Japanese trading house Marubeni Corp. is nearing a deal to buy U.S. grains merchant Gavilon LLC for about $3.5-billion (U.S.) and could announce the transaction as early as Tuesday afternoon in Tokyo, according to people familiar with the matter.
Marubeni, Japan’s fifth-largest trading company, has been in advanced talks to buy Gavilon since early May. The Japanese company has confirmed its interest in Gavilon but said no decision has been made.
Although the deal is pending final approval, the proposed terms value Gavilon at about $3.5-billion, plus the assumption of $1.7-billion in debt, and Marubeni has lined up financing for the deal, said the sources, who asked not to be named since the deal has not been announced.
A valuation at that level would be in line with the proposed terms the two sides have been discussing since early this month.
Representatives of Marubeni and Gavilon could not immediately be reached for comment.
Marubeni had earlier dispatched a team of auditors to Gavilon’s Omaha, Neb., headquarters to review its operations and finances, sources have said.
In addition, Marubeni president Teruo Asada travelled to New York last week with other executives as discussion of the deal reached the final stages, a person familiar with the trip said.
Acquiring Gavilon would deepen Marubeni’s control of grain supplies from North America, the world’s top grain export hub.
A deal could also help Marubeni challenge Archer-Daniels-Midland Co. as the biggest supplier of U.S. grains and oilseeds to China.
Gavilon now has about 320 million bushels of storage in the United States, ranking third behind ADM and Cargill Inc., but ahead of global grain giants like Bunge Ltd. and Louis Dreyfus.
Marubeni’s acquisition of Gavilon is unlikely to face any pushback from farmers and agricultural businesses which have long been accustomed to the presence of Japanese grain companies in the United States.
A GOOD COMMERCIAL FIT
A combination of Marubeni and Gavilon is seen by analysts as a good commercial fit, marrying Gavilon’s presence in the Central Plains and Midwest with Marubeni’s operations in the Pacific Northwest – the shortest U.S. sea route to Asia.

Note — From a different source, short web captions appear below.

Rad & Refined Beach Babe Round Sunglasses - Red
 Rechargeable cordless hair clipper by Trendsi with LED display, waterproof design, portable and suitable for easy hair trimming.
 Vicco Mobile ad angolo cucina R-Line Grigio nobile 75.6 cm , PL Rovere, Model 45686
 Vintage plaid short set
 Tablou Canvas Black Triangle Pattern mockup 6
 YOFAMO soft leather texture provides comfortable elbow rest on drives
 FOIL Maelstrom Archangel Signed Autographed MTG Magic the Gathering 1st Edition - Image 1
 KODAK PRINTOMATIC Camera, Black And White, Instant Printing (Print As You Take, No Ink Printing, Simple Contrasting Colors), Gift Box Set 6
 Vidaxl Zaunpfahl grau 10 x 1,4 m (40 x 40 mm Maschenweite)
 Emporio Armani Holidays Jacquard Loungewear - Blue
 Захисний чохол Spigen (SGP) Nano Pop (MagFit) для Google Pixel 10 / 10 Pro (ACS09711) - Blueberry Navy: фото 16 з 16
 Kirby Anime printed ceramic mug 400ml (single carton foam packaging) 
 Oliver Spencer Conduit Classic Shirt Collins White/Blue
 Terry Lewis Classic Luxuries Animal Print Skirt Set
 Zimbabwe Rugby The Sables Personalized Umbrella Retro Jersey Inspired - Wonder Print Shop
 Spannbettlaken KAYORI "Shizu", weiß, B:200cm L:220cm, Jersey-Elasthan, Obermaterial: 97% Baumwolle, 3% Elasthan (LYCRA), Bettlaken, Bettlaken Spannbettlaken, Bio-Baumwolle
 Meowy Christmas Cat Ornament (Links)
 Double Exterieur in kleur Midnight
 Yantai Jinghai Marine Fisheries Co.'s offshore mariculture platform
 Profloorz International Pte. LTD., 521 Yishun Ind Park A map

Gavilon’s owners include billionaire investor George Soros and hedge fund manager Dwight Anderson.
Gavilon also has a large footprint in the U.S. fertilizer market, an energy operation that includes seven million barrels of crude oil storage and an oil, grain and ethanol trading unit.
Marubeni plans to announce the Gavilon deal as early as Tuesday afternoon Japan time, sources said.
Morgan Stanley is advising Gavilon on the transaction, while Nomura is advising Marubeni, people involved in the discussions have said.
Marubeni’s rival trading houses Mitsui & Co and Mitsubishi Corp. had both been seen as potential bidders for Gavilon but decided not to pursue a deal.
U.S. analysts say Marubeni’s interest in Gavilon could be driven by a desire to grab a bigger share of the lucrative business of supplying grains to China, the world’s top importer of soybeans and a fast-growing buyer of corn.
Marubeni is already the second-largest exporter of U.S. grains to China, with soybean shipments surging five-fold since 2008, based on data from trade intelligence firm PIERS.
Marubeni handled nearly 20 per cent of China’s soybean imports in 2010, according to its annual report.
Unlike Marubeni, Gavilon has not made deep inroads to China, having exported less than 10,000 tonnes of grains over the past two years, data showed.
Marubeni is the best-established “ sogo shosha” – Japanese general trading firm – inside the U.S. grain belt.
In 2010, Marubeni overtook Japan’s national federation of farm co-operatives Zen-noh as the biggest Japanese exporter of U.S. grains and oilseeds, according to PIERS data, and accounts for more than a third of all shipments by Japan-based firms.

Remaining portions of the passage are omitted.